Seen in this light, it is useful to note the continuing disparity
between those students of Sufism who are slavish imitators (so detested by Rumi)
and those who are able to render the materials and the experiences in
present-day terms. In this respect Sufism can be seen in its overt projections
as following a course similar to that of all human systems.
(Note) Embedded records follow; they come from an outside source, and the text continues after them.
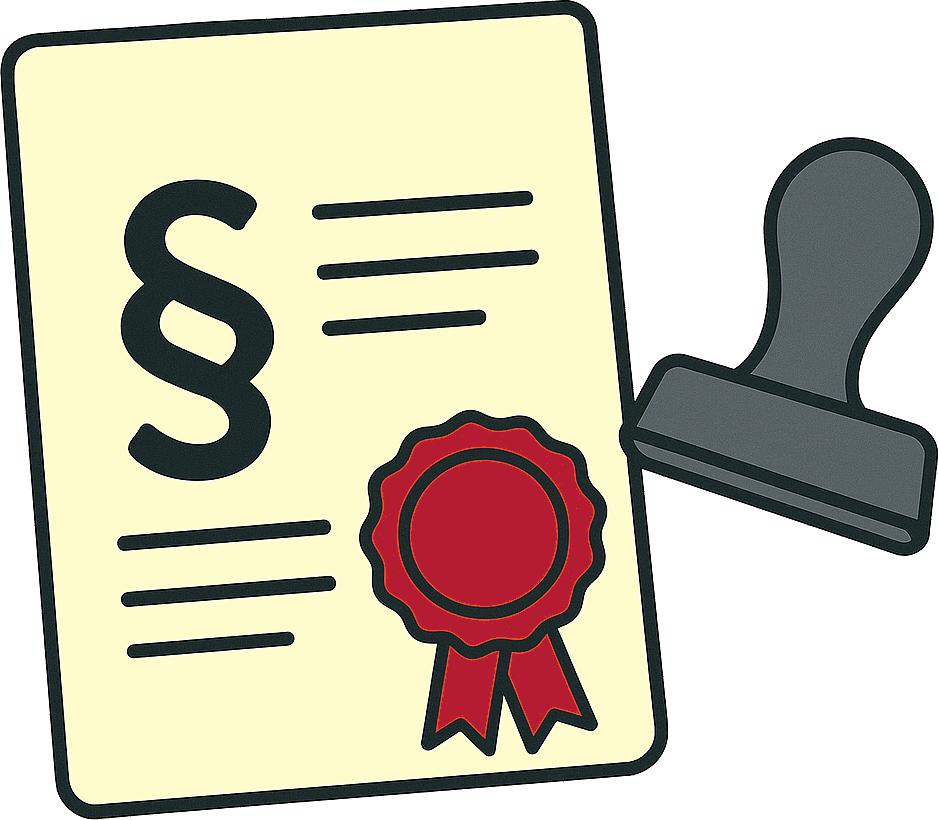 Impressum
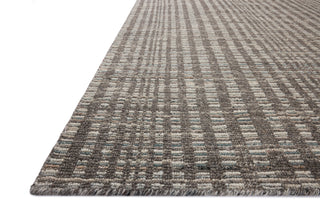 The Rug Corner Loloi Sonya Granite / Multi  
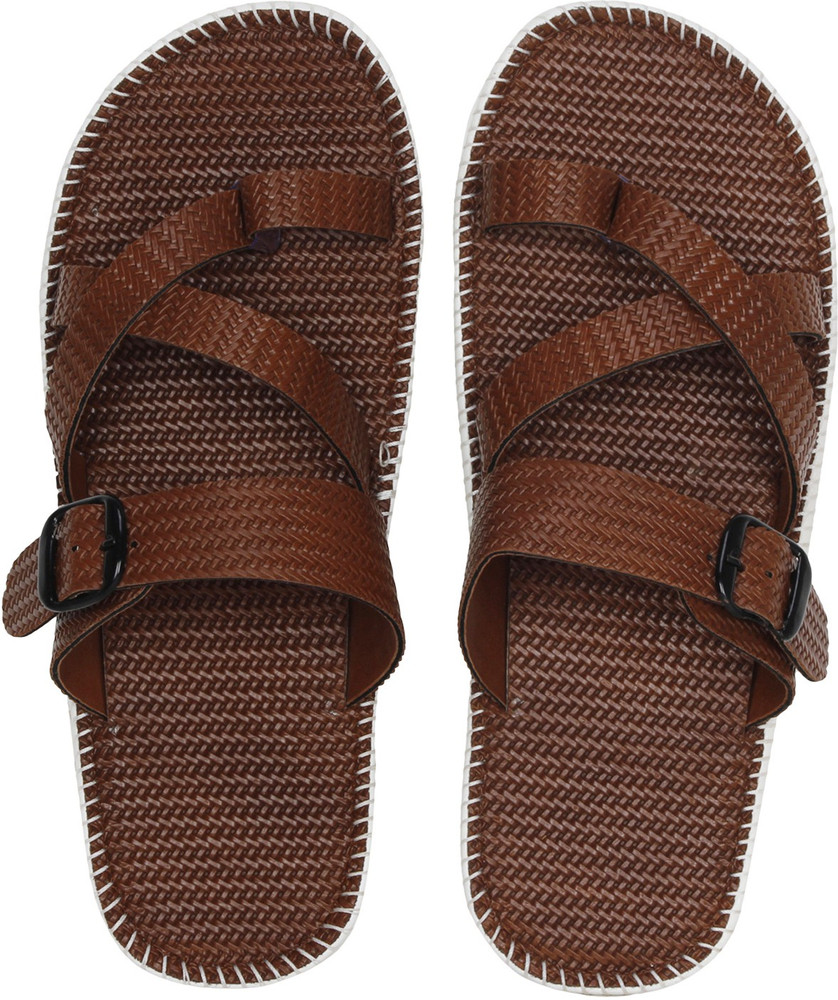 Mens slippers sales with laces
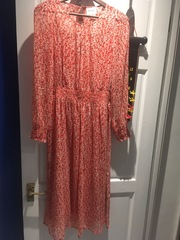 Les Parisiennes des Mamansnet: Too much good taste can be very boring. Independent style, on the other hand, can be very inspiring.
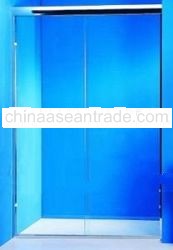 Tempered glass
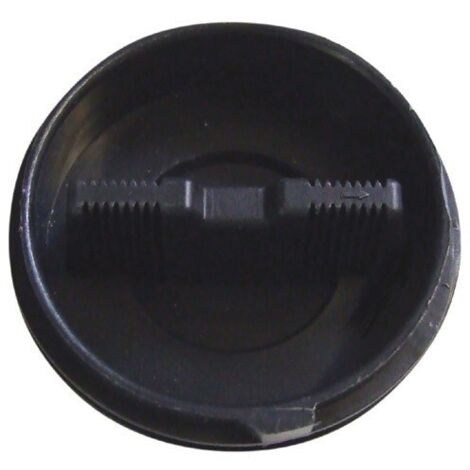BOUCHON VIDANGE POUR LAVE LINGE SAMSUNG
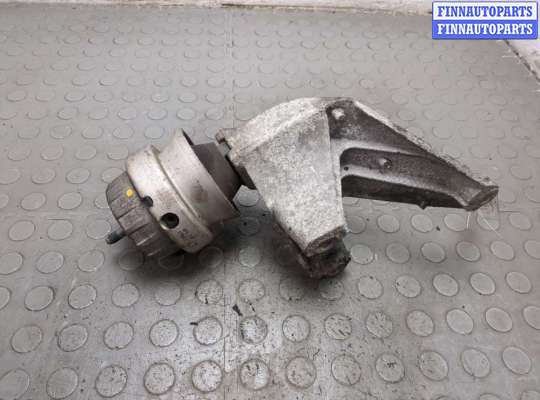 купить Подушка крепления двигателя на Audi A6 (C6) 2004-2011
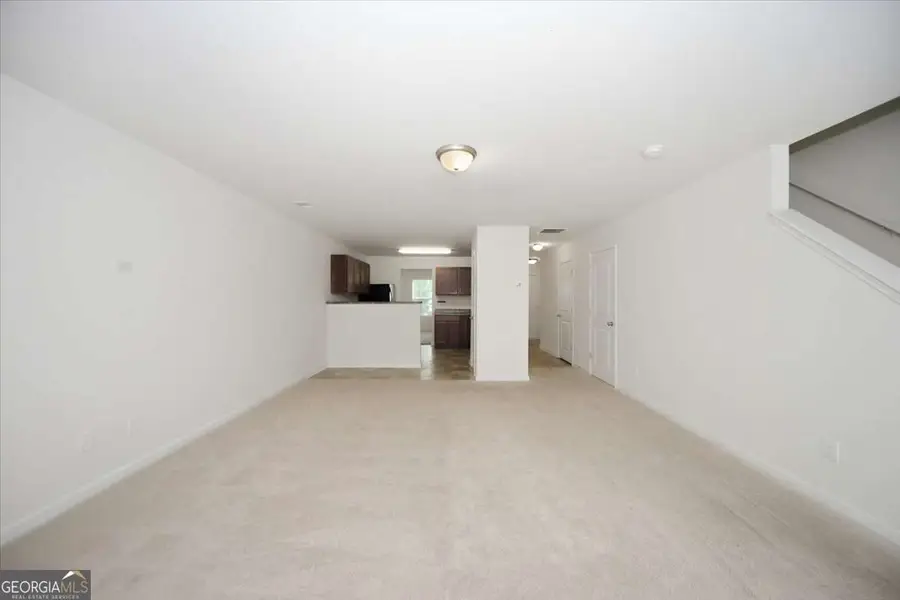 2543 Piering Drive, Lithonia, GA 30038 - #2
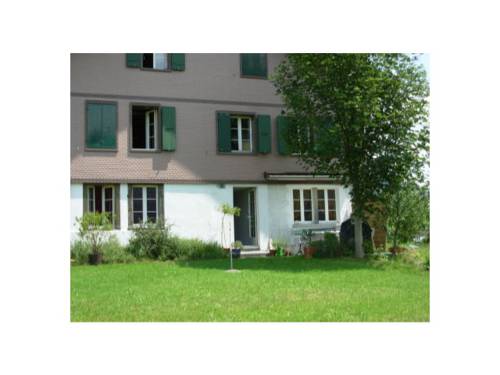 Brienz Switzerland Last Minute Discount Code Booking.com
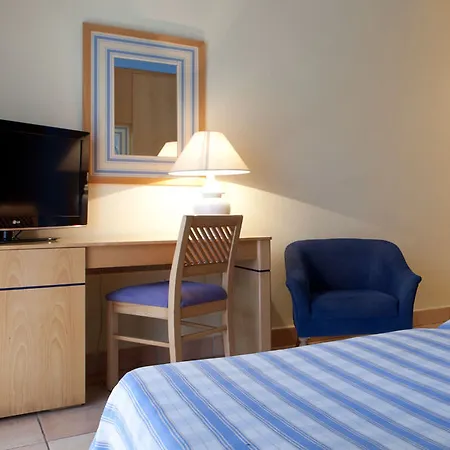 Intelier Bonaire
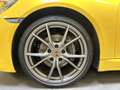 Porsche Boxster 2.0 300ch PDK Gelb - thumbnail 47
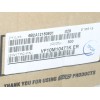 TPC 5 TPC VF10M10471K 300V RMS VAC MOV 385V DC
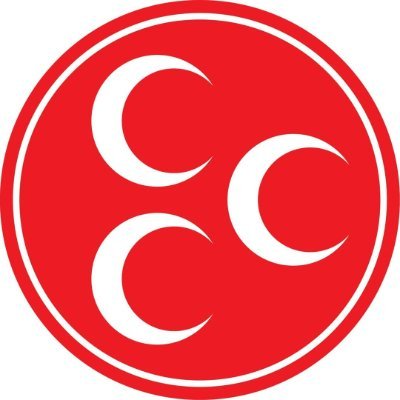 Ses Ver Türkiye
There are the
traditionalists, for whom form is sacrosanct, the innovators, who try to adapt
materials without insight, the rejectors of part or whole, and the real
successors to the tradition, who work through insight as well as externals.
For
those who are interested in the relevance of materials such as some of those
contained in the Manaqib to today's concerns, there is a value in emphasizing certain
basics which are often ignored.
Following Rumi's dictum in Persian Qalib az ma hast, na ma az u-- "Form is
from us, not we from it"-- and his many other statements to this effect, it
should be observed that this Sufi persuasion insists that matter comes from mind, mind does not
come from matter. Miraculous interventions involving matter or immaterial
things, therefore, as we find them here, are to be seen as the working of the
mind, not the operation of matter. This operation, too, is sometimes to a
purpose and sometimes deceptive, mere trickery, intended or otherwise. So
miracles, whatever their effect or intention, may arise from the working of
mental or spiritual forces. This explanation makes it possible for the reader to
understand, for instance, how Rumi's miracles or wonders can be regarded as
significant while those produced by people trying to oppose him are discounted.
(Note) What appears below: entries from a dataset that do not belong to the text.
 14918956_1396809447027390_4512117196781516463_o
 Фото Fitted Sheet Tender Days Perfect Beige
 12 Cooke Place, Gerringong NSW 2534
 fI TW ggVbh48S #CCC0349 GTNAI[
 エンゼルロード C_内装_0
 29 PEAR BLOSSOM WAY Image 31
The difference lies in the quality and purpose of the wonders.
This operation of
apparently supernatural events for definite purposes and not merely to impress
people in an emotional manner, not only sets this very much apart from miracle-centered systems but also helps to explain how Rumi, like many other Moslem
teachers, could have so many non-Moslem disciples, Christians and Jews among them.
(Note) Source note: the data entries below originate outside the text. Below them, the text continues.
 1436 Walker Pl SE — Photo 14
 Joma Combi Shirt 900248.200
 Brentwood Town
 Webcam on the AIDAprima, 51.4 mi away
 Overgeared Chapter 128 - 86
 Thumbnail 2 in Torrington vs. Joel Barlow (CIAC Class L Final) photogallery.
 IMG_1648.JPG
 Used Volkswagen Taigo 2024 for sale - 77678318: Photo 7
It is true that he constantly reproaches scholastic theologians and scholars as
such for being unable to understand that Sufi experience neither conflicts with
religions nor undermines them. But he stays within his Islamic
tradition and emphasizes that Sufi understanding has operated within all faiths. In the following pages there is a striking account of telepathic rapport between
a Christian saint and Rumi, whom the saint regarded as his mentor through spiritual
communication.
The diversity of forms under which Sufi schools have operated,
and the multiplicity of their exercises and even the alleged dissonance of
their teachings one to the other, has always worried externalist scholars: whom the Mevlevis call "men
of appearances". In this book, as also elsewhere, we find a very frank
statement that the so-called Dervish Dancing and other exercises are very
limited activities, designed only as aids for those people who have certain local
or temperamental pecularities. It is worth noting that although this information has been
publicly available for at least seven hundred years, people of all kinds prefer to believe that by imitating the physical and mental actions of some people in thirteenth-century Konya they will
derive spiritual benefits. This is, to a Sufi, rather like believing that if you
behave like a Pharaoh you will be able to build the pyramids, without taking
enough notice of what the originators of the enterprise actually said, or even
were reported to have said, about it: including the purpose.
Legends of the
Sufis, then, can well be described in the words of the title of Rumi's book of table-talks: "(There is) In it what is in it (for you)." May its undoubted value find its full
expression in this incarnation.
-- from Legends of the Sufis: Selections from Menaqibu 'L'Arifin by Shemsuddin Ahmed, El Eflaki, Translated by James W. Redhouse, Preface by Idries Shah, Theosophical Publishing House Limited, 1976.